Hello all, Rachel here, I am finally contributing to this fine blog of Catherine’s creation. I am doing this in the form of recipes. This may be a bit dry unless you’re as into food as I am. We’ve been eating pretty well over here and we thought it would be a good idea to share some of our delicious creations. Most of our fresh food we either get from the farm we are staying on, the farmer’s market in town, or occasionally, the woods by our house. Also it’s all vegan besides a couple eggs from the chickens around the farm and some honey, also from the farm. I don’t remember the names of everything, but I’ll do my best, and I don’t really measure things, so amounts will be largely absent. Also some ingredient may be missing, I’m doing this all from memory, and it’s been awhile for some of these things.

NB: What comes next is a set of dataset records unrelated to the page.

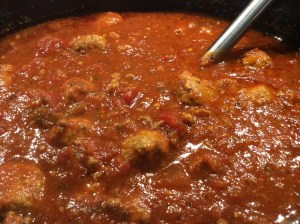 My homemade sauce and meatballs..This is the ultimate Italian comfort food!
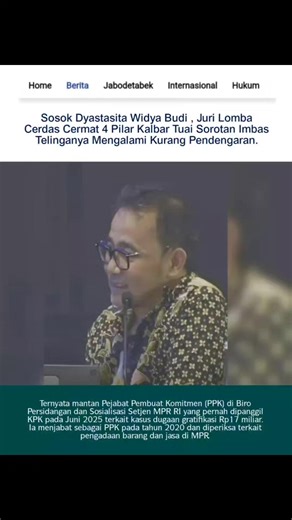 Dyastasita Widya Budi: Kontroversi Juri Lomba Cerdas Cermat 4 Pilar
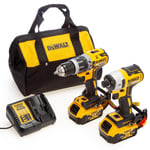 Dewalt Dewalt DCK266P2LR 18V XR Combi Drill & Impact Driver Twin Pack Lanyard Re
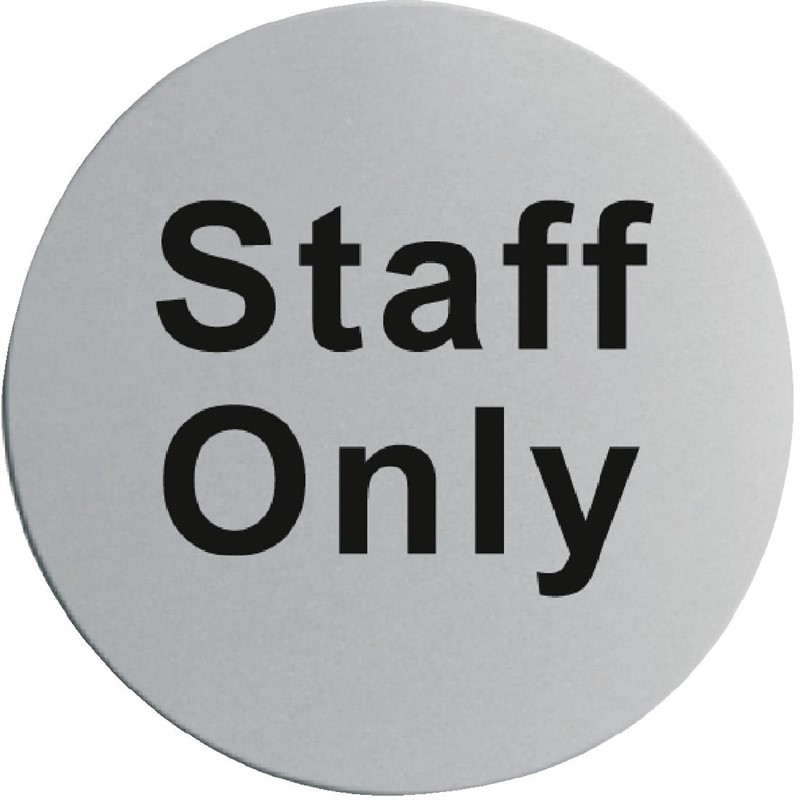  Gastronoble Plaque de porte inox - Staff only 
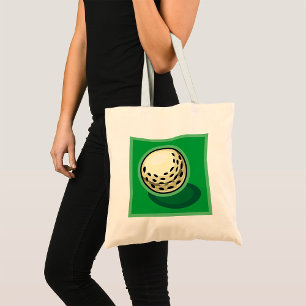 Bolso De Tela Pelota De Golf En Verde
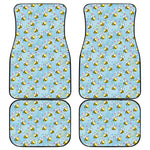 Cute Cartoon Bee Pattern Print Front and Back Car Floor Mats
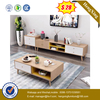 Elegant living room solid wood coffee table MDF board TV cabinet set
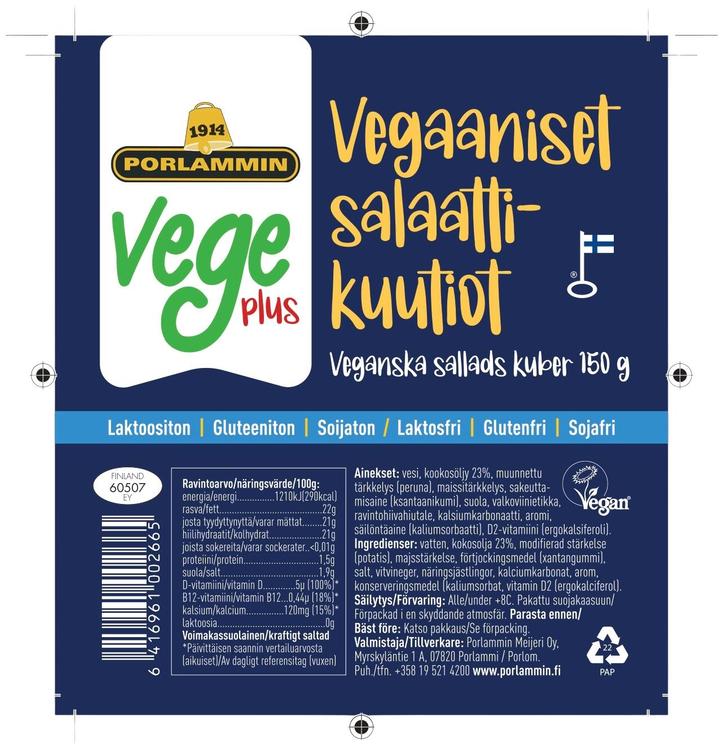 Porlammin Vege plus 150g salaattikuutio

I began my Hawaiian experience with a three-day lemon juice cleanse (with lemons from the farm), which was a great way to begin the healthy lifestyle we have been following here, and I definitely recommend it. The first night off of the cleanse I made a lovely stir-fry using ingredients from the farmers’ market unless otherwise noted.

Peanut Chili Stri-Fry
·        Eggplant
·        Zucchini
·        Purple sweet potatoes
·        Onion
·        Garlic
·        Sweet chili peanut sauce
·        Salt and pepper and other random spices that were left in our house
·        Lemon juice (from lemons on the farm)
For breakfast I have been making granola, we have to keep all the ingredients in the freezer so the ants can’t get to them. We tried leaving them out in tightly sealed bags and soon learned that ants can chew through plastic. And thus our sunflower seeds were infested. We picked out as many as we could and then put them in the freezer at Sanji’s suggestion. Ants are much easier to pick out when they’re frozen, however they do start to come back to life as they thaw out.

Granola
Mix the following:
·        Mixed grains (oats, buckwheat and spelt I think) – several cups
·        Sunflower seeds – maybe a half cup or so
·        Pumpkin seeds – same as sunflower seeds
·        Flax meal – probably a half cup, maybe a bit less
·        Chia seeds – quarter cup or so
·        Almonds – half cupish
·        Cinnamon – enough
·        Ginger – minced – I probably use about a half cup, but I’m obsessed with ginger, also we used wild ginger that we found by the river by our house and it’s not so strong
Heat and stir the following briefly on the stove:
·        Coconut oil - just a couple tablespoons, maybe a quarter cup
·        Maple syrup – quarter cup to half cup, depending on how sweet you want it
·        Blackstrap molasses – Probably about a quarter cup

Pour the liquids over the dries and stir. Since our ingredients are cold from the freezer you have to do this part pretty quick otherwise the coconut oil solidifies and then you just have coconut oily granola chunks and nobody wants that.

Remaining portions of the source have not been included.